The slice essentially defines a layer to use for internal attributions. A Slice object specifies two "cuts" (trulens.nn.slices.Cut; documentation) corresponding to two layers: (1) the layer of the variables that we are calculating attribution for (e.g., the input layer or an internal layer), and (2) the layer whose output defines our quantity of interest (e.g., the output layer or a specific neuron in the internal layer; see below for more on quantities of interest). The shape of the attributions will always match the shape of the first cut.

The quantity of interest (QoI) essentially defines the model behavior we would like to explain using attributions. More specifically, the QoI is a function of the model’s output at some layer (specified by the second cut). For example, a QoI may select the output corresponding to a particular class, in which case our attributions would be interpreted as highlighting the features the model uses as evidence for choosing that class. In its most general form, the QoI can be specified by an implementation of the QoI class in the trulens.nn.quantities module; however, several common default implementations are provided in this module as well.
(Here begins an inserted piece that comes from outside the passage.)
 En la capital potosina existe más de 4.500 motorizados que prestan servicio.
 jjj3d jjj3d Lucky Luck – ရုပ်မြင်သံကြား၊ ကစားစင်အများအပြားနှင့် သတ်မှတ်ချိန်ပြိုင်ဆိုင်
The distribution of interest (DoI) specifies points surrounding each record for which the calculated attribution should be faithful. The distribution can be specified via an implementation of the DoI class in the trulens.nn.distributions module, which is a function taking an input record and producing a list of input points to aggregate attribution over. A few common default distributions implementing the DoI class can be found in the distributions module. This effectively generalizes the most common attribution types. Integrated Gradients utilizes a linear interpolation DoI; Smooth Gradients utilizes a gaussian distributed DoI. You can also easily create your own DoI by extending the base class.

The parameters to Internal Influence allow us to formulate a wide range of general queries to probe an otherwise-opaque deep network’s behavior. In fact, under the hood, TruLens implements all attribution methods using Internal Influence. For example, IntegratedGradients can be expressed using InternalInfluence in the following way:

from trulens.nn.attribution import InternalInfluence
from trulens.nn.distributions import LinearDoi
from trulens.nn.quantities import MaxClassQoI
from trulens.nn.slices import InputCut, OutputCut, Slice
# Create the attribution measure.
ig_computer = InternalInfluence(
model,
Slice(InputCut(), OutputCut()),
MaxClassQoI(),
LinearDoi(resolution=10))
# Calculate the input attributions.
input_attributions = ig_computer.attributions(beagle_bike_input)

InputCut and OutputCut are two special cuts that represent the first and last layer of a network, respectively. The MaxClassQoI selects the output corresponding to the class that the network predicted on the given input. LinearDoi is a DoI that corresponds to the linear interpolation performed by Integrated Gradients.

Internal Influence

We will now demonstrate an example that goes beyond the functionality supported by saliency maps or Integrated Gradients. For this example, we will be calculating attributions for the feature maps in the layer of our model named 'block4_conv3'. First, we are interested in explaining the model's predicted class for our record. We specify this by using a MaxClassQoI, which sets the attributions to explain the model's output for its highest-confidence class. We will use the PointDoI, which specifies that we are only concerned with the model's behavior on one particular point, i.e., we want a very local explanation.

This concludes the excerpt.